Parfaitement hors de la responsabilité des salariés mais dont les salariés porteront néanmoins tous les effets. Et puis la responsabilité de « se battre » pour atténuer les effets : travailler plus, gagner moins, renoncer aux avantages acquis, augmenter la productivité, voilà qui est « en leur pouvoir », s’entendent-ils dire — si bien qu’à la fin, s’il reste des effets à porter, ce sera de leur faute. Le tout sous la férule du patron qui met le « marché » en main : les « efforts » ou le chômage (et souvent le chômage après les « efforts », car l’engagement, le pacte, la parole donnée n’ont aucun sens pour un souverain, et, souverain, le patron l’est, ce sont les rapports sociaux du capitalisme qui l’installent en cette position).

À la merci : c’est donc ainsi que vivent les individus non-patrons quand leur situation est accrochée à « l’emploi ». Ceci n’est plus tolérable.

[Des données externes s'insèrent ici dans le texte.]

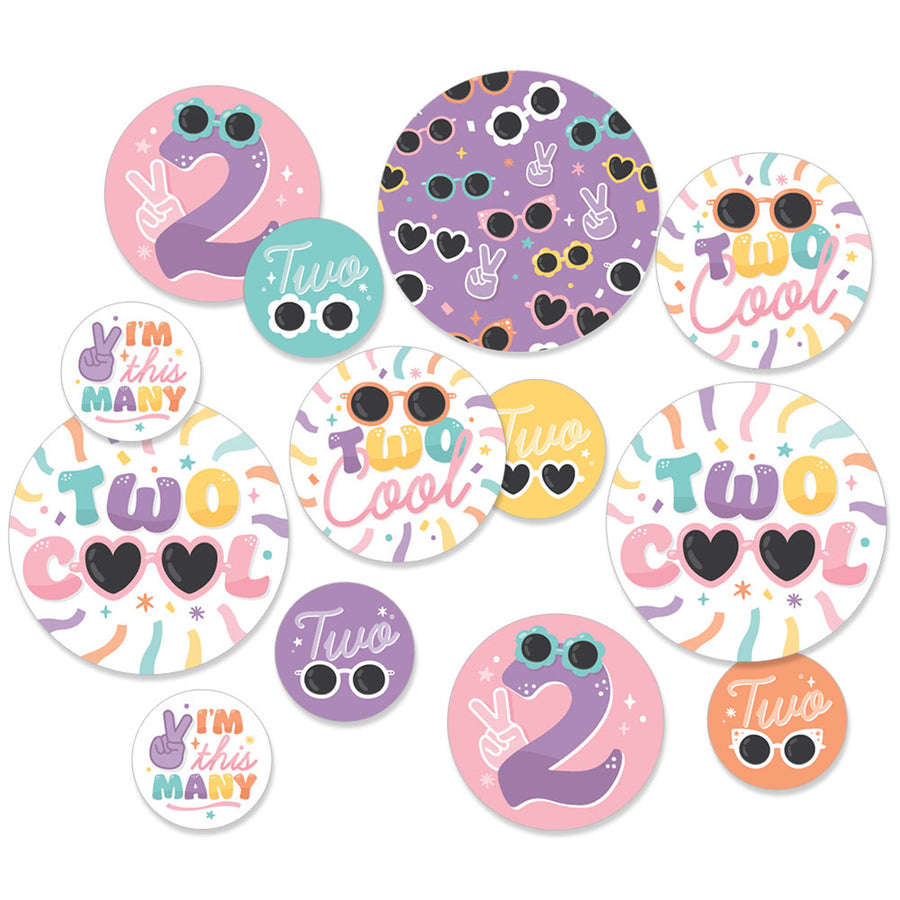 A collection of multicolored round confetti pieces with 'Two Cool' text and various patterns.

Ce que Friot nomme « salaire à vie » est une proposition cohérente au sens suivant : à la hauteur de cette intolérance posée en principe. Le principe veut d’abord que la situation matérielle des individus ne soit plus à la merci de choses qui ne dépendent pas d’eux, ensuite que, plus généralement, la stabilité en cette matière, c’est-à-dire la tranquillité, la soustraction à la précarité qui épuise, vaille en soi, et de manière irréfragable.

La rémunération n’est alors plus attachée à une place de la division du travail susceptible des pires remaniements, voire d’évaporation complète, sous l’effet des incessantes restructurations impulsées par la concurrence capitaliste : elle est attachée à la personne, comme porteuse d’un droit fondamental à la rémunération stable et suffisante.

Le principe du « salaire à vie » est opéré par la cotisation collectée et redistribuée par les caisses, en particulier la « caisse de salaire » qui, comme son nom l’indique, reverse aux personnes leur rémunération sans égard pour aucune autre donnée que leur niveau de qualification (établie selon un système d’épreuves codifiées et déterminant une hiérarchie résiduelle des revenus) — un « sans égard » qui ne sera d’ailleurs pas sans poser quelques problèmes s’il signifie une parfaite inconditionnalité.

Mais Friot ne s’est pas arrêté au « salaire à vie ».

Plus l’idée originelle se développe plus elle étend sa cohérence d’ensemble dans de nouvelles directions. Le deuxième coup de génie, c’est le conventionnement. Une partie du salaire est versée en monnaie sur un compte ordinaire, une autre sur une carte — une carte Vitale étendue ! — qui ne peut être utilisée qu’auprès d’un certain nombres de producteurs agréés (alimentation, transports, énergie, etc.), dûment conventionnés par décision citoyenne (dans des assemblées à divers niveaux territoriaux) pour leur respect d’un certain nombre de normes (environnementales, ancrage local et respect des circuits courts, pratiques productives, etc.).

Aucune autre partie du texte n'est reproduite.